- Front Load vs Top Load
- Jargon Busters - Washing Machines
- Shopping Checklist - Washing Machines
- Washing Machines - FAQs
Most people don't relish the thought of doing the laundry. Along with vacuuming and ironing, it's one of the most dreaded of household chores. However, there's no need to make it more of a hassle than it already is. By buying the right washing machine, you can save on time, energy and even money.
Front Load vs Top Load
There are two basic types of washing machines; a front load and top load. As the names imply, front load machines are loaded with clothes from the front, while top load machines use a lid on top. These days, pretty much every washing machine is fully automatic, with the wash, spin and drain cycles all occurring in the same tub.

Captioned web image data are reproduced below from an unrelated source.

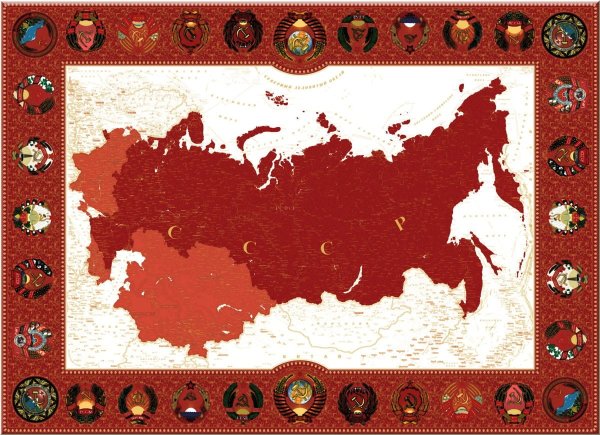 Карта советского Союза СССР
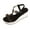 Black, variant on Summer Sandals for Women Women's Platform Sandal High Heel Wedges Slides Rhinestone Fashionable Butterfly Decor Cute Thick Soled Open Toe Shoes with Transparent Elastic T-Strap Boho Beach
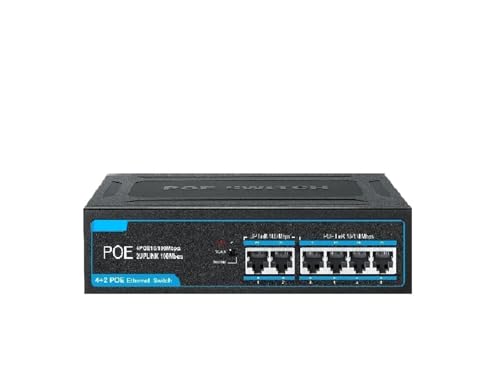 BACODLUL 8 6 Ports P-O//E Switch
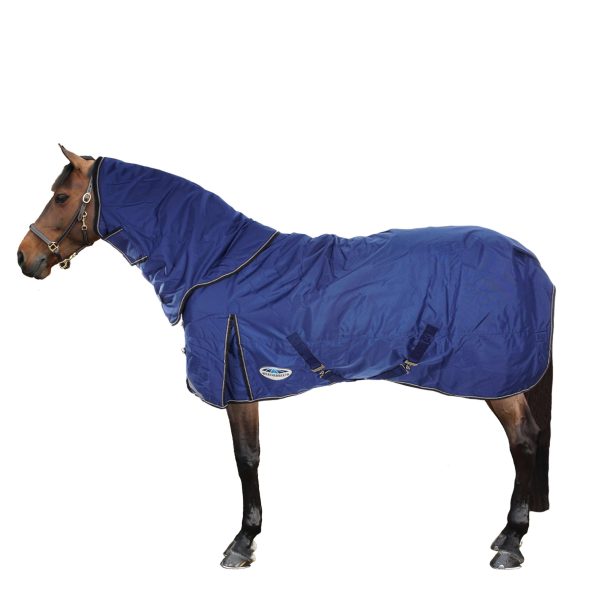 Weatherbeeta Comfitec Ultra Tough II Detach-A-Neck 220g Blauw Charcoal Wit Online Hot Sale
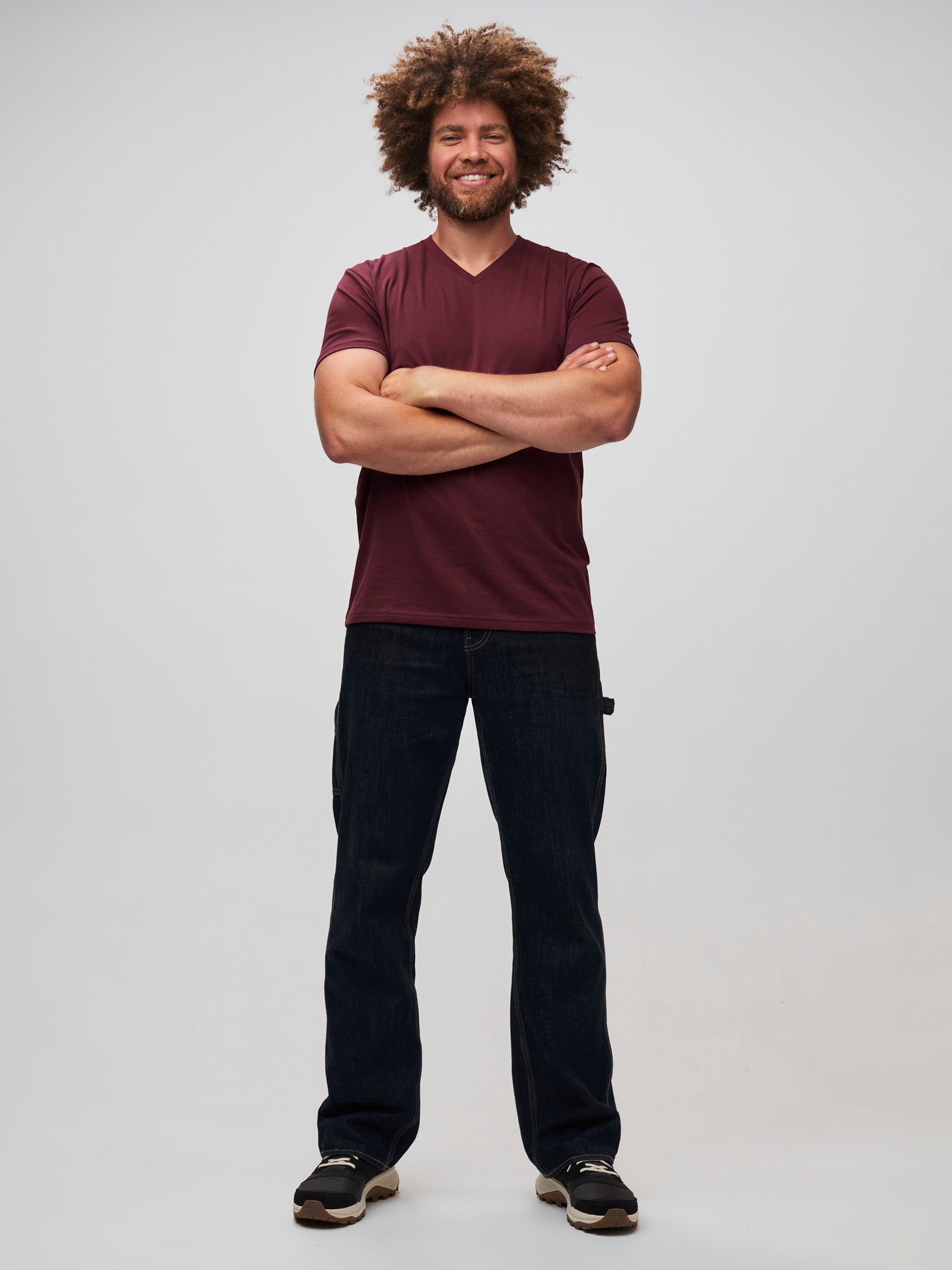 Burgundy V-Neck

Front load washing machines offer several big advantages over top load units. For starters, they use less water and electricity, which can save you money on your utility bills and is also good for the environment. According to the government-sponsored Water Efficiency Labelling and Standards (WELS) scheme, a 6kg front load machine uses six standard buckets of water (58.7 litres) per load, while a 6kg top load machine uses 12 buckets (109.1 litres).
(WELS information is presented to consumers via a sticker on the washing machine, or the packaging, which contains a number and star rating - compare different machines to get the best overall rating.)
Front load machines also use about half the electricity of top load machines of a similar size. It's easy to see how front load washers can save you money in the long run, even if they cost more money upfront.
Another advantage offered by front load washing machines is that they are designed to be smaller. This makes them better for people with small laundry space. Despite being smaller in size, most front load washing machines still hold a similar amount of clothes as top load units, with an average machine holding somewhere around 6.5kg of dry clothing.
Top load washing machines are usually less expensive than front load models, making them better for people who are shopping on a budget. Another advantage offered by top load machines is the ability to interrupt a wash. Top load units can be opened at any time and clothes can be taken out, which can help when removing fragile items before the spin cycle.
Top load machines can also be quieter than front load models. Sometimes you can find a noise rating (in decibels) for a product in its documentation, but unfortunately not every manufacturer does this. If you really need a quiet machine, we suggest either purchasing a unit where a low decibel rating is given, or calling the manufacturer to try and obtain the information that way.
Dryer/washer combos If you're planning on buying a clothes dryer to go along with your washing machine, a sensible option might be to get a dryer/washer combo. These are front load machines that offer washing and drying functionality within the same drum. In addition to saving on money, this also takes up a lot less space than two machines side-by-side in your laundry. Unfortunately, dryer/washer combos generally offer less clothes space than a stand-alone washer. This means you may need to increase the number of laundry loads.
What about steam cleaning? Steam cleaning is a new development in the consumer-level washing machine market. Steam cleaning washing machines use a lot less water than a regular washer (up to 35 per cent less, according to the manufacturer) and they also benefit from an almost silent operation. The high steam temperatures also help to break down dirt imbedded within fabrics and overall they are much more energy-efficient. As with any new technology, expect to pay more for a steam cleaning washer - up to $3000 for an 8kg machine.
Spin Cycle and Efficiency The speed of the spin cycle has an impact on how much energy a washing machine uses. The spin cycle refers to when the machine spins your clothes around after a wash to remove as much water as possible. It is measured in rotations per minute, or rpm for short. Many front load units will have a top spin speed of over 1000rpm, whereas top load units often have a top speed of 850rpm or lower. The faster spin can result in clothes coming out dryer, which means less time on the line or, if you are using a clothes dryer, less electricity consumed. Most washing machines supply spin speed information on the packaging. Alternatively, you can check the spin speed of various models on the vendor's Web site.
Gentler wash = longer cycle Front load machines do not have an agitator, the device used in a top load machine to move the clothes around (generally a column sticking up in the middle of the machine). Instead, they work by gently turning the washing over and over in a tumbling action, a process which is quite gentle on clothes.
One area where front load washers are at a disadvantage is the length of time a wash takes. Expect a front load machine to take almost twice the time as top load machines to wash the same amount of clothes. (Despite taking longer however, they are still more energy-efficient, as mentioned above.) Also keep in mind front load units may require special washing detergent that produces fewer bubbles.
Price and features Finally, you should also look at the features of the machine. Generally, the more expensive a washer gets, the larger its size and the number of spin and wash cycles it will offer. These can range from delicate and extra soak modes, through to water temperature and water level controls.
When buying a washing machine, make sure to think about how many people you wash laundry for. For a single person, something around 4.5 kg units is more than enough, while a family with two or more children may want a 6kg or bigger unit.